***** PROVIDED MATERIAL

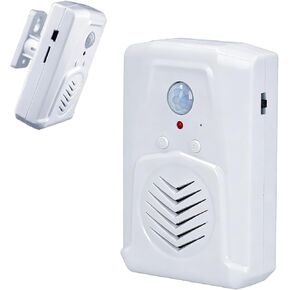 PIR Motion Activated Sound Player - Haunted House Scream Box Speaker,Voice Replaceable & Microphone Built-in,idea for Door Greeter, Entry Alert,Sale Advertising in Kuwait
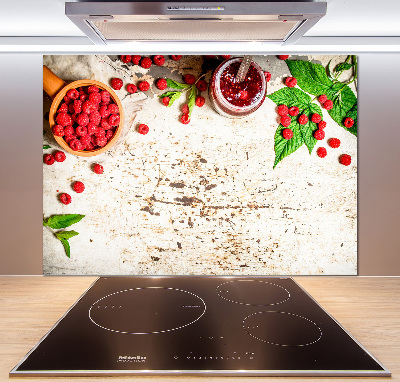 Panel antisalpicaduras Mermelada de frambuesa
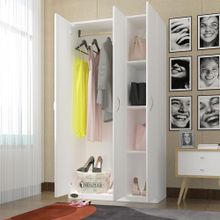Kenzlife Ballıbaba 3 Kapılı 180x120x52 CM Beyaz Xlarge Gardrop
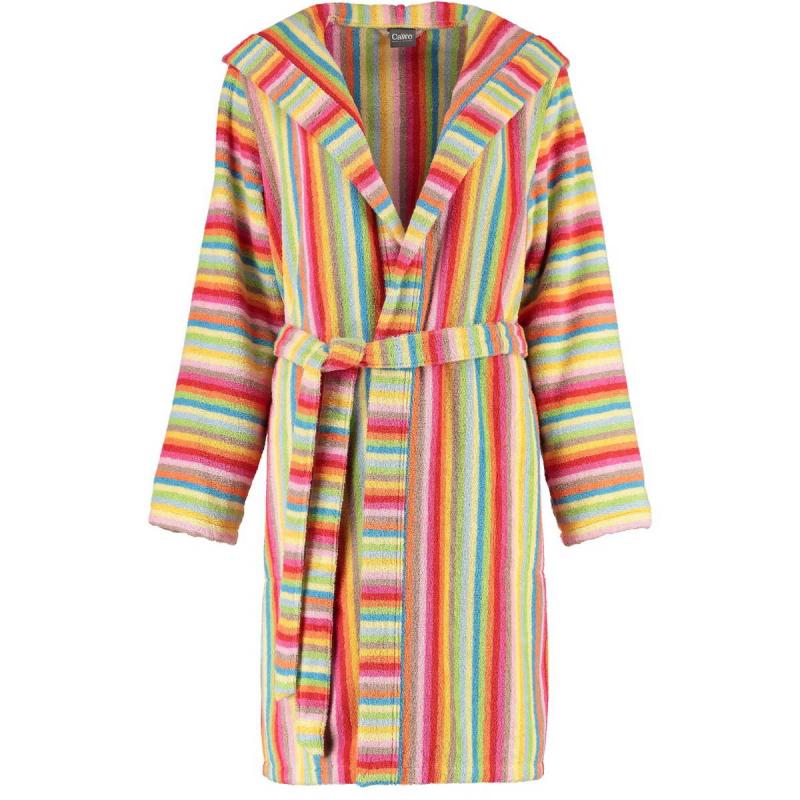CAWÖ Womens short Colorful Hooded Terry Bathrobe 7082 Lifestyle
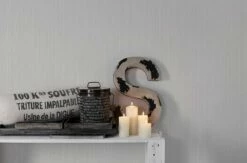 Michalsky Tapete Vlies Gestreift Textil Grau 36499-3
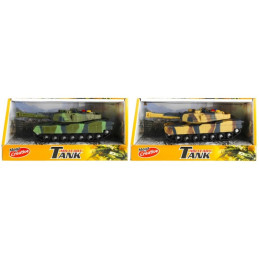 Tanc militar cu sunete si lumini MegaCreative 462671, 18cm, 3 baterii AG13 incluse, plastic, diverse culori, 3+ ani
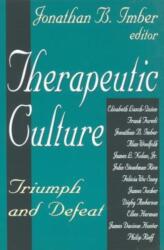 Therapeutic Culture (ISBN: 9780765805928)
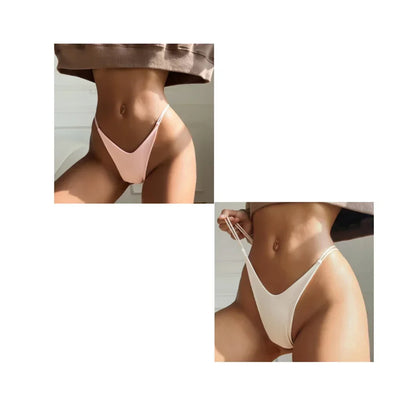 String Coton Femme – Taille Basse et Doubles Brides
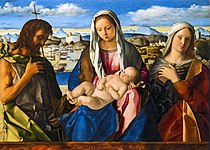 Giovanni Bellini Heilige Gesprek, 54 x 76 cm.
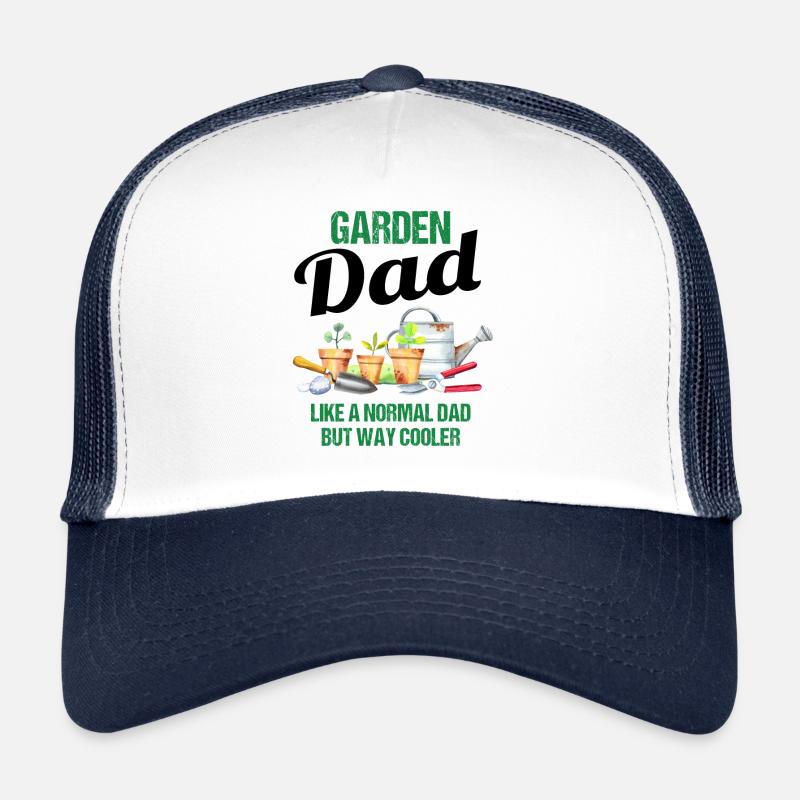 Garden Papa Funny Saying Gift Men Trucker Cap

**********

> EXERCISE BRIEF
Your copy should hold exactly the lines from the line bearing "Kenzlife Ballıbaba 3" through the end of the data, both included, and no pictures or anything further.

> ANSWER TO THE PROBLEM
Kenzlife Ballıbaba 3 Kapılı 180x120x52 CM Beyaz Xlarge Gardrop
CAWÖ Womens short Colorful Hooded Terry Bathrobe 7082 Lifestyle
 Michalsky Tapete Vlies Gestreift Textil Grau 36499-3
 Tanc militar cu sunete si lumini MegaCreative 462671, 18cm, 3 baterii AG13 incluse, plastic, diverse culori, 3+ ani
 Therapeutic Culture (ISBN: 9780765805928)
 String Coton Femme – Taille Basse et Doubles Brides
 Giovanni Bellini Heilige Gesprek, 54 x 76 cm.
 Garden Papa Funny Saying Gift Men Trucker Cap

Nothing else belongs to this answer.